Lo que la CE pretende ahora, después del fracaso del Tratado de Lisboa demostrado con la crisis, es que los países integrantes consensúen las mismas políticas y cooperen para su puesta en funcionamiento. O lo que es lo mismo, más UE, y menos Estado.
El debate está servido. En la línea divisoria que separa a los ‘globalizacionistas’ de los ‘escépticos’, la tendencia es que los estados-miembros sigan perdiendo poder e influencia ante instituciones supranacionales como la europea, y se vean obligados a renunciar a competencias para regular muchos asuntos que se desarrollan en estamentos superiores.
Ni España, ni ningún país de la UE, pueden permitirse el lujo de ignorar las políticas emanadas desde Bruselas. Y la capital comunitaria tampoco quiere que ningún estado miembro vaya por libre, como se ha visto en los últimos dos años.

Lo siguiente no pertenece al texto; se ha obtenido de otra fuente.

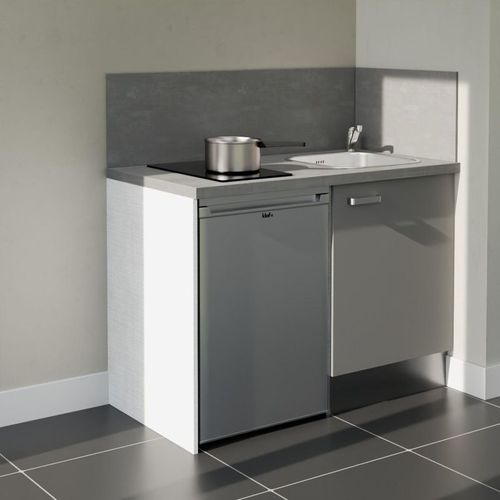 Kitchenette K08l-pt - 120 Cm-façade Gris-plan Gris Béton-evier Inox-crédences Oui+electro Inox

De hecho, los anuncios de cambios en la edad de jubilación, sueldos de los funcionarios, subida de impuestos, etc., de los últimos tiempos del Gobierno tienen más que ver con la presión de las autoridades comunitarias que de la propia voluntad gubernamental. Si hasta hace dos meses uno podía pensar que el Ministerio de Economía español estaba localizado en Moncloa, tengo el convencimiento de que ahora se encuentra en la 13ª planta del edificio Berlaymont de Bruselas.